Monday, August 29, 2005

thinking too much...(britta)

You have not known water until you've known Britta water. Talk all you want about dunking your head in cold mountain springs to drink. You can keep the mountain springs. I'll keep my Britta pitcher.

That pitcher has been my comfort in my recent times of being entirely too hot, troubled even, in my not at all airconditioned apartment. In the evenings particularly, when I wish I could go to bed without breaking out in a sweat. But I have found an incredible amount of solace in a cold glass of Britta water at night just before the apex of heat begins to ease from the rooms and a breeze begins to push back the hanging curtains a bit from the open windows.

Those moments of sitting quietly and just drinking beautiful beautiful water, so cold, condensation on the outside of the glass, those moments are too good to wish for the heat to pass too quickly.

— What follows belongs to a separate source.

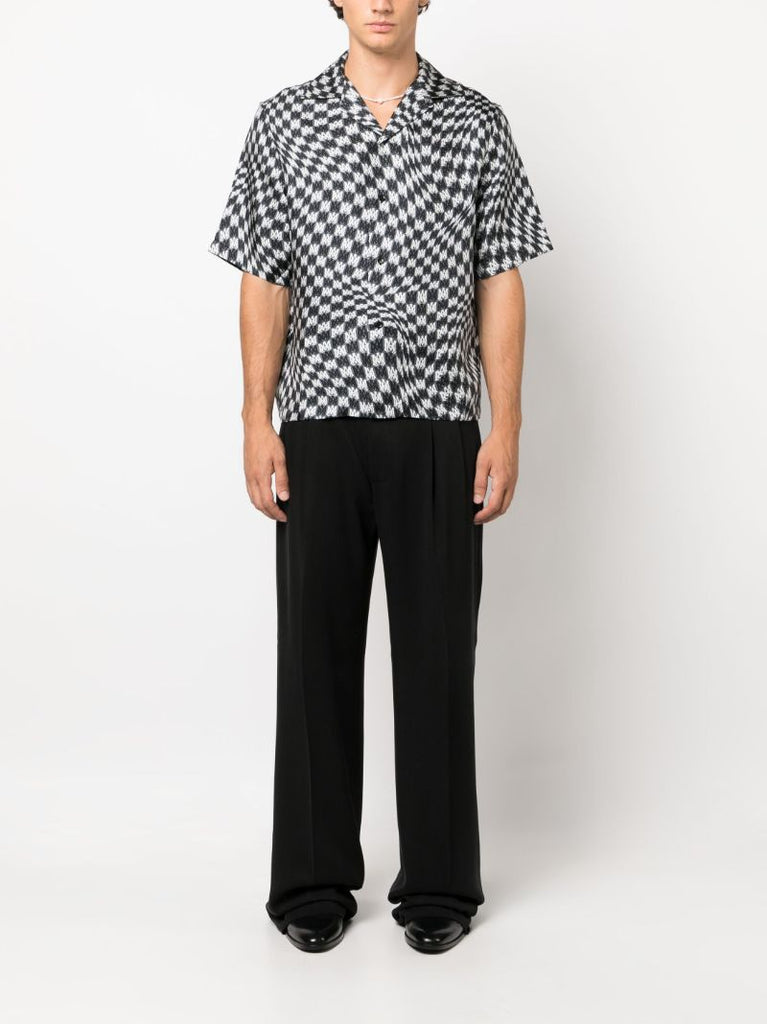 Black Wavy Check-pattern Bowling Shirt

If there is anything literal about Jesus giving us living water then there must surely be Britta pitchers in heaven.

So, you can imagine my disgust the other day when the top to my pitcher fell off and a small piece of it broke off upon impact with the floor. I couldn't believe that suddenly my prestine Britta pitcher was showing signs of a mortality that practically made me cry.

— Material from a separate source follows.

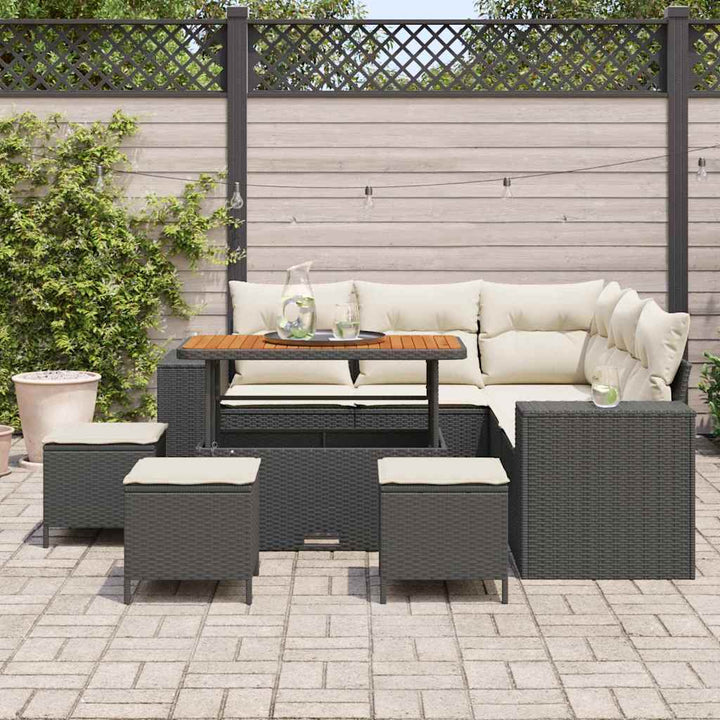 Havesofa Sæt 9 stk. Sort polyrattan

If you've ever had something new and perfect and been there to see it acquire it's first monumental sign of wear and tear, I think you might know a bit of my pain, though there are few things as perfect.

It just goes to show that everything passes away. All material possessions will rust and moths will gnaw little holes into things and it all will end up at Saver's Thrift Stores where I'll probably buy most of it at some point and then they'll get more rusty and more moths will gnaw little holes and then I'll throw it all away eventually.

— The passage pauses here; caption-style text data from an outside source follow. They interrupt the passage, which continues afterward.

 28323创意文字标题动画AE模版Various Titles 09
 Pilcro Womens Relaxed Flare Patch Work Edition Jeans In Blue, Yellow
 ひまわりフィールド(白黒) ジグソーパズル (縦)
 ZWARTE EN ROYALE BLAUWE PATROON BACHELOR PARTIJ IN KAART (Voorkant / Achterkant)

But the point is this: do not give your heart to earthly things. We need to store up treasure in Heaven and stuff.

Actually I hate it when people make such grandiose sweeping moralizations from little trivial twists and turns in the weaving fabric of life stories. And I hate it when sentances get so overdone and flowery that I start smelling my grandmother's potpourri. Irony.

Seriously though, I'm sad about this Britta pitcher lid. Why did that have to happen?

I'm thinking I should get a new Britta to replace this broken one. Not for any materialistic urge, I just have a hard time watching the poor guy suffer.

He was created for such glory. Glory he and I had only faintly begun to taste when it was suddenly vanished from us.

I wish I could tell him that I'm sorry. That he never deserved this. Noone ever does.